If we take 238Wm-2 outgoing flux and divided that by the surface outgoing flux we have 238/390 or 0.61. This is the emissivity of the atmosphere of the Earth. So one can consider that 1-.61 or 0.39 is the atmospheric resistance, feedback, whatever term you like. I happen to call it the “Effective” Emissivity or the portion of the surface emissions that has an effect on or is affected by the atmosphere. The Effective emissivity includes all thermal flux interactions with the atmosphere, interactions I know and interactions I may not know.

Since an impact of change from the surface will impact the atmosphere which will in turn impact the surface, at some point stabilizing. This is good application for a power series as I understand it.

So if the surface were at 254.5K and 20K was suddenly added to the surface temperature, we would need to use the flux values, which are non-linear with respect to temperature, to determine the stable resulting temperature.
238Wm-2 @ 254.5 K is already known, with 20 more degrees the flux at 274.5 would need to be determined by S-B which is 263.8Wm-2 @ 274.5K

So, the difference in the flux would be 263.8-238=25.8 added to the atmospheric flux, of that 39% would be returned or 10.1Wm-2, requiring 0.39*10.1 or 3.94, with 0.39*3.94=1.54 etc. etc,

This solution is simply 25.8/(1-.61) or 25.8/.39 = 66.15 meaning the stable surface flux would be 238 + 66.15 = 304 Wm-2. The 66.15Wm-2 would be a portion of the atmospheric effect IF, the 0.39 return was linear. Just for grins, let us pretend it is not. Let’s say something crazy like the effective emissivity in the lower troposphere where higher, say 0.75, effective emissivity.
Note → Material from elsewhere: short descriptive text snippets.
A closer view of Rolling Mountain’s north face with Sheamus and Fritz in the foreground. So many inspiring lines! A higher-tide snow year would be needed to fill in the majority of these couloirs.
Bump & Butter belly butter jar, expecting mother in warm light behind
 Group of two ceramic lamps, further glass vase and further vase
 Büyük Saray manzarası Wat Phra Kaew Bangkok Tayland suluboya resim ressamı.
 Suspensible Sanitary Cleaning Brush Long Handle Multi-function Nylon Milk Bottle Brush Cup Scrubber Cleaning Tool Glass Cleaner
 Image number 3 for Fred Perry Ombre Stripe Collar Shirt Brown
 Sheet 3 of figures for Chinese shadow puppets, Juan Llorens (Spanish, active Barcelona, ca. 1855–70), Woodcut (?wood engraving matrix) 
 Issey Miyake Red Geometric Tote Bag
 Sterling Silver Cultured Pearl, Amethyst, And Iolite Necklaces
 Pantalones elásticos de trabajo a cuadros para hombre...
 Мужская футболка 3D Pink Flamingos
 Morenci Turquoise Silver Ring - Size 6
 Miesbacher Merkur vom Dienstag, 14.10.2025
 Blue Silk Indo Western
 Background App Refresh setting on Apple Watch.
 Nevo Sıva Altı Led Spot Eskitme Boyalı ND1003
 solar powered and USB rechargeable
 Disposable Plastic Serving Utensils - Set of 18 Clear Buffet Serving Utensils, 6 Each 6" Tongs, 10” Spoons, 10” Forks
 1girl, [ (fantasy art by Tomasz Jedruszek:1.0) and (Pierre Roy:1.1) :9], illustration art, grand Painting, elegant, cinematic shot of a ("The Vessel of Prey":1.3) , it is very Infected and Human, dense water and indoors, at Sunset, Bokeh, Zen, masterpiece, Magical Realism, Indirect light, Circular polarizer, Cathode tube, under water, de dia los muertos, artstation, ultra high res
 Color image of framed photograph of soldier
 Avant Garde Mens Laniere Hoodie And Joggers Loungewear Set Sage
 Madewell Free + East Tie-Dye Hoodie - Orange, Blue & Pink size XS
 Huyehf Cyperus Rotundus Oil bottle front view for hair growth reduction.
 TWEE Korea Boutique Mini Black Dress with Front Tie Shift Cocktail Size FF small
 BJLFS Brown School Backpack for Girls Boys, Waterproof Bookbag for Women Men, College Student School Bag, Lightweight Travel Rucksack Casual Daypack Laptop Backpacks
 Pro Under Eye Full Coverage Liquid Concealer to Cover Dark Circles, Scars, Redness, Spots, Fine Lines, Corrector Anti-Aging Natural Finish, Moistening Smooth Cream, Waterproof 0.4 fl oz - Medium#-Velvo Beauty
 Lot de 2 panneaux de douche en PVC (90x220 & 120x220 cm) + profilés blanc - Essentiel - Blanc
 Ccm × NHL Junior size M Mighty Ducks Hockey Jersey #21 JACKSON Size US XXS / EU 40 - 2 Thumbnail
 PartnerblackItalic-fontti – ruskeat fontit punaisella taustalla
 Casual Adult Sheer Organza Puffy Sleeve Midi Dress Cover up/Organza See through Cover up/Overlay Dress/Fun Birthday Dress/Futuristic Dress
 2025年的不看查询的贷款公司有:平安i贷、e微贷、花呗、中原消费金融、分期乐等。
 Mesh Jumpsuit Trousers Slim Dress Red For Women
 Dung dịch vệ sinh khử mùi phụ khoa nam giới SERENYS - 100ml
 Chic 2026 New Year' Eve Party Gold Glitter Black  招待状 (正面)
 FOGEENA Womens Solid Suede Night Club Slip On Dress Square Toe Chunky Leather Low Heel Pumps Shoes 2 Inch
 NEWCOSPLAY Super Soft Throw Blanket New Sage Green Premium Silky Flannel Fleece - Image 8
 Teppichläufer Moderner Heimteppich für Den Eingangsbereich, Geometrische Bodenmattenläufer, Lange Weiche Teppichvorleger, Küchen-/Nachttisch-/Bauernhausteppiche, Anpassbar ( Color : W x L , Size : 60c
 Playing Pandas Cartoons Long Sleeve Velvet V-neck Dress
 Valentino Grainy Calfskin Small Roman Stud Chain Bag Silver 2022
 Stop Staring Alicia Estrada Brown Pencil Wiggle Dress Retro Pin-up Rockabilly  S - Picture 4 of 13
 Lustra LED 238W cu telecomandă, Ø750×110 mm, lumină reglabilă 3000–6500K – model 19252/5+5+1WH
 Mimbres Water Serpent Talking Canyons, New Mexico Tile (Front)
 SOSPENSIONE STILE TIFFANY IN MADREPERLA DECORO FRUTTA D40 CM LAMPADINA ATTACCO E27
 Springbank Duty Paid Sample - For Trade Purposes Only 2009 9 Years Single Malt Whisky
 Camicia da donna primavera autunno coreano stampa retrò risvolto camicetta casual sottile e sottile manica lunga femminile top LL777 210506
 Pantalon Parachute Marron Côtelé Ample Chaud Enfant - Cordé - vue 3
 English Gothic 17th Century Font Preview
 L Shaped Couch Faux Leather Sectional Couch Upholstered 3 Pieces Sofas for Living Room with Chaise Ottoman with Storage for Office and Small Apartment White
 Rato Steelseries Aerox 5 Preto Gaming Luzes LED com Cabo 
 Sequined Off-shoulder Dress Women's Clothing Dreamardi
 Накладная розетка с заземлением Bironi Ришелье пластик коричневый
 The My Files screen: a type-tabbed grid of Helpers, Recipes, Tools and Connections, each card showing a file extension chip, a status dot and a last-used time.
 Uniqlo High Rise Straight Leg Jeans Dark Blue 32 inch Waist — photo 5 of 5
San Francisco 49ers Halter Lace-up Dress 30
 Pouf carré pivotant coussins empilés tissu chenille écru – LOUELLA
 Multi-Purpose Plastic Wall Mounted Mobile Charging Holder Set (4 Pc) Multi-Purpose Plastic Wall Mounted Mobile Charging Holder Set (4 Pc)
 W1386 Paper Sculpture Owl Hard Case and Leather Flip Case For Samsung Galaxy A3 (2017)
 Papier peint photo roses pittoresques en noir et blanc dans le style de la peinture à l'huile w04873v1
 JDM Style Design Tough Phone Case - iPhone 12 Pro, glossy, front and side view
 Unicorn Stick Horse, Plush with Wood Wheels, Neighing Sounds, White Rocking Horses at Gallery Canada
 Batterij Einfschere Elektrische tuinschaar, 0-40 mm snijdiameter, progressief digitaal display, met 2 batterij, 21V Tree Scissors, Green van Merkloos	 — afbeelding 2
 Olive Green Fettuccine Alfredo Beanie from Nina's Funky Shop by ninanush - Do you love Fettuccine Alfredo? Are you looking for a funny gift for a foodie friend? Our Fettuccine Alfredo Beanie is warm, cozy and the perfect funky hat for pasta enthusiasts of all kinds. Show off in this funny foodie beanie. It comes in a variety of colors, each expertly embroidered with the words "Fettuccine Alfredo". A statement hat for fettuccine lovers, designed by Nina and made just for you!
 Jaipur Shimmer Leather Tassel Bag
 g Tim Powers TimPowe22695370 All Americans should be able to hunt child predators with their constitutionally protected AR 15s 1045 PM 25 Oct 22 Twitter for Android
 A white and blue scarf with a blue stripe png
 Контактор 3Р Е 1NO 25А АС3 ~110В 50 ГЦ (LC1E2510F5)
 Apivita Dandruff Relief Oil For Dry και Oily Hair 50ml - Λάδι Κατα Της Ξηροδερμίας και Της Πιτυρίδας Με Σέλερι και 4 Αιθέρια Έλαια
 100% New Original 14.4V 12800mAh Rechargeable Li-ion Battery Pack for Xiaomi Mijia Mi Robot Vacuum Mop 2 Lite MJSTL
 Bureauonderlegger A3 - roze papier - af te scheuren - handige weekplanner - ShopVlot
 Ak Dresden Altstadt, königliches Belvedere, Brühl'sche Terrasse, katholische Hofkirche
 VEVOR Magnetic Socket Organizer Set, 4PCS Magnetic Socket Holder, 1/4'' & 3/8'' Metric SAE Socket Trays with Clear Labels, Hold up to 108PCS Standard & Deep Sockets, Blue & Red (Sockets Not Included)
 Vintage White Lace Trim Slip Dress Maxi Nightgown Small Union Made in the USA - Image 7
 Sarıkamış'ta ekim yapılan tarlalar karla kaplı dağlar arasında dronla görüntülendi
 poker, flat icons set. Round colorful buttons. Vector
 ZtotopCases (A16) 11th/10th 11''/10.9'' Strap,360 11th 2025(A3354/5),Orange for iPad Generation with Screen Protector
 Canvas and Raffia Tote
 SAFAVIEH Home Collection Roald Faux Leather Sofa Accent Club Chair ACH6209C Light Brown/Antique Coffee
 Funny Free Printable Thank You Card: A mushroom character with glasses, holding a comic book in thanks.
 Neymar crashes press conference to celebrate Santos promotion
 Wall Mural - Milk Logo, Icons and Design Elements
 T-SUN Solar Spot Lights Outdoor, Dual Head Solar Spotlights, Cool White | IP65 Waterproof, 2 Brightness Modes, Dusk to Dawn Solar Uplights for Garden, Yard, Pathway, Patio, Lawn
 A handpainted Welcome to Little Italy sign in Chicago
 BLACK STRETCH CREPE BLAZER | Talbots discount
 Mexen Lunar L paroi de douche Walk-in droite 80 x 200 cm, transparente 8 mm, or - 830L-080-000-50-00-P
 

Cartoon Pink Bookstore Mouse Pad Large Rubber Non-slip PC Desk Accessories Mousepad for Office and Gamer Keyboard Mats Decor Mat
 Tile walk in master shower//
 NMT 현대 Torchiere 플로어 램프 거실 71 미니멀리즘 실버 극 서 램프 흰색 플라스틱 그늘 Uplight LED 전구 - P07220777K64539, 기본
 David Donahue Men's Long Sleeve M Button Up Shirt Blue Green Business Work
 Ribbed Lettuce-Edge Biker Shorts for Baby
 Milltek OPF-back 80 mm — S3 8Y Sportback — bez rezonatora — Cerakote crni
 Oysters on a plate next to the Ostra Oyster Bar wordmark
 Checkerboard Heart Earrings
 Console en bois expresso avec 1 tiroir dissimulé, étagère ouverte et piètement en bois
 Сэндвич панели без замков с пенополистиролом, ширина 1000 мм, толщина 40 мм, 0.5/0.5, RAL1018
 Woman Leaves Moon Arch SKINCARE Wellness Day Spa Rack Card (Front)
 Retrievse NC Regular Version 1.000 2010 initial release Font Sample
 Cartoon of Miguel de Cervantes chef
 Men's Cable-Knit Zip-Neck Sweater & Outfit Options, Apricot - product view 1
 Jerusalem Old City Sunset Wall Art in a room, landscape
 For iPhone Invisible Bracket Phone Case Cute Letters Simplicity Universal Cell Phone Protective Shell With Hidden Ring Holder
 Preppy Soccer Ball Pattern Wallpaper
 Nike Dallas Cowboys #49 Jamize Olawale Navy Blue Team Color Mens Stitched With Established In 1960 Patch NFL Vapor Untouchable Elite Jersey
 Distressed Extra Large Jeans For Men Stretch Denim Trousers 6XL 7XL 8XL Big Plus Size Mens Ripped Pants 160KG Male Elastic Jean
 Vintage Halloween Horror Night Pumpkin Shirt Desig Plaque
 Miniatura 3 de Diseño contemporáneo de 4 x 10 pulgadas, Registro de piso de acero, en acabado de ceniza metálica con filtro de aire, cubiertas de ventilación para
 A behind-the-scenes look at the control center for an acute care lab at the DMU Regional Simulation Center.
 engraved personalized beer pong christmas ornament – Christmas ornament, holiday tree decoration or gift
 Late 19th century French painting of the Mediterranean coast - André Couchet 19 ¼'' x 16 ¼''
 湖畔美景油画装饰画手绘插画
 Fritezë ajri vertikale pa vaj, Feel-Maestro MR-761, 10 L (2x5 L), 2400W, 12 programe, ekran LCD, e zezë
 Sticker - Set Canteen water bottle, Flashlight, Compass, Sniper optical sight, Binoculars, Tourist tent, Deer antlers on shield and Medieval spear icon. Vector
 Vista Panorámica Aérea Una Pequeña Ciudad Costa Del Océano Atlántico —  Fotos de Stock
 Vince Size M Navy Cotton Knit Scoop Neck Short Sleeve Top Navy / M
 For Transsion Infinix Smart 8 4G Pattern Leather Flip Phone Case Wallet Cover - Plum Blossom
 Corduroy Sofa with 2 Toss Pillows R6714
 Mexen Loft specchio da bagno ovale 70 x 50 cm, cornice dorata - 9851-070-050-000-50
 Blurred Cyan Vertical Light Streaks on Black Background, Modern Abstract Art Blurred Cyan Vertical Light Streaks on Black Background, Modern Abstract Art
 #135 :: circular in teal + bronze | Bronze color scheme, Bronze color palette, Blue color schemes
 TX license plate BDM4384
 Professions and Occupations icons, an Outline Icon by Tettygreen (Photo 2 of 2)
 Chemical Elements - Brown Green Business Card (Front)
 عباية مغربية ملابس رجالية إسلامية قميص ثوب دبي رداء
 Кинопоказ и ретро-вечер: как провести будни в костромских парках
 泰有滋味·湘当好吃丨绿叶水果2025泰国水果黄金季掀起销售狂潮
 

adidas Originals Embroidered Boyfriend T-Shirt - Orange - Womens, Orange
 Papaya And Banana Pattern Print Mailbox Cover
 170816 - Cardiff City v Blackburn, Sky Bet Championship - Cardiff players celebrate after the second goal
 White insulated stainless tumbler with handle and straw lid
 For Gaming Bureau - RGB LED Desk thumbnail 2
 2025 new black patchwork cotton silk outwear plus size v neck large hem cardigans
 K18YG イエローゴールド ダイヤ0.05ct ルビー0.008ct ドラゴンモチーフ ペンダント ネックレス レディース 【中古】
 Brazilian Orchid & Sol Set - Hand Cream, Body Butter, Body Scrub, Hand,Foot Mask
Then let’s say we added 20Kto the temperature at some point in the lower atmosphere. Just for a guess, the 274.5 but this time in the atmosphere, We have the same flux as before, 25.8Wm-2 only 0.25 instead of 0.39, yielding 25.8/(1-.75)=25.8/.25 = 103Wm-2 at some point in the lower atmosphere.

That 103Wm-2 plus the 66 Wm-2 =169Wm-2, which is pretty close to 390Wm-2 surface minus 238Wm-2 TOA or 152W atmospheric effect, not too bad for a guess, had I guess 0.7 instead of 0.75, the value , , 25.8/.3=86, would exactly equal 152W/m-2, the ideal atmospheric effect as seen at the TOA. That added 20K in the atmosphere is radiated in both up and down. Before we had the surface increase from 238 to 274.5K @ 304Wm-2, adding the 86Wm-2 from the atmosphere would yield 390Wm-2 at the surface.

This is my visualization of the Atmospheric Effects, with the 20 degrees at the surface being most of the surface temperature increase and radiant gases in the atmosphere creating a balancing effect in the atmosphere. It only requires one more element.

That element is the lapse rate, including latent heat, which transfers heat directly from the surface where condensation begins to release that hidden heat. This depresses the 274.5K atmospheric value by approximate 20K to 255K as appears to have been estimated by Arrhenius, with one small issue, the latent component of the lapse rate.

There are several ways to estimate the temperature of the average layer of radiant impact, of the source of down welling long wave radiation, The simplest being the average mass level of the atmosphere or the average energy level of the combined lapse rate, conductive, latent and radiant. That would where ½ of the energy transferred from the surface to the atmosphere can be approximated.

A simple estimate based on observation would be the average altitude of low cloud bottoms or the average layer where condensation begins. This altitude is approximately 4000 meters.

Of course, one would have to assume that the return value even after applying power series can never be greater than the input value or perpetual motion would be involved.